14 Ekim Yerli Halklar Günü, ünlü soykırım meraklılarının kutlamalarının yerini alacak olanlar tarafından bastırılan ve duyurulan yerli halkın anılmasıdır. Kristof Kolomb çiçek hastalığı ve fetihten önce bu kıtada gelişen kültürlerin takdiri ile. Ve bu yıl, Yerli Halklar Günü geldiğinde, hayatımda ilk kez bir bayram olarak kutlamayacağım. Yerli Amerikan. Çünkü, ilk defa, ben değilim.

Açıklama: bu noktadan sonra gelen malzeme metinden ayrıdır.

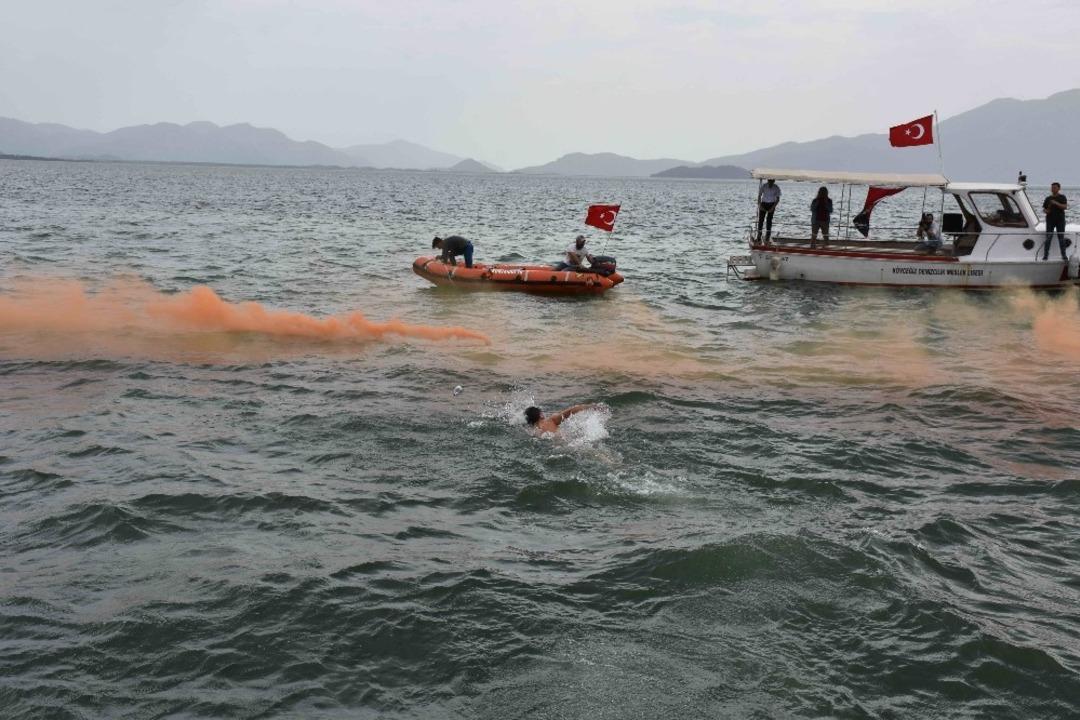 Kula&ccedil;lar diploma i&ccedil;in atıldı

Adil olmak gerekirse, ben hiç olmadım. Ama bana çocukken söylenen bu değildi ve bir yetişkin olarak inanmaya başladığım şey bu değildi. Neredeyse her aile toplantısında ortalıkta dolaşan hikaye, büyük büyükannemin yarı Kızılderili olduğuydu. Beyaz bir adamla evlendi ve büyükbabamı Leadville, Colorado'da doğurdu. Daha sonra soyadı olan başka bir adam tarafından evlat edinildi. Coleman. Bunun pek doğru olmadığı ortaya çıkıyor.
Büyükbabamın doğumunun koşulları en iyi ihtimalle bulanık, bu da ailemin sözde yerli mirasını her zaman makul kıldı ve ona belirli bir ağırlık verdi. Amerikan Kızılderililerinin de bir şekilde gizemli olduklarına dair sömürgeci düşüncenin iki kat daha fazla yaptığı romantik bir hikayeydi. Ailemin üyeleri hikayeyi anlattığında, büyük büyükannem ve onun arasında kaldığı adamların çevresinde egzotik bir gizem duygusu vardı. Kabilesini tanımıyorduk, ondan koptuğu için sandık. Elimizde olan tek şey, büyük büyükannem ve büyük büyük anneannemin sepya lekeli 100 yıllık bir fotoğrafıydı. Biri oturur, diğeri durur. Viktorya dönemi kıyafetleri giyerler. Saçları simsiyah ve yüzleri bronz. Gizemli, sabırlı ifadeler giyerler.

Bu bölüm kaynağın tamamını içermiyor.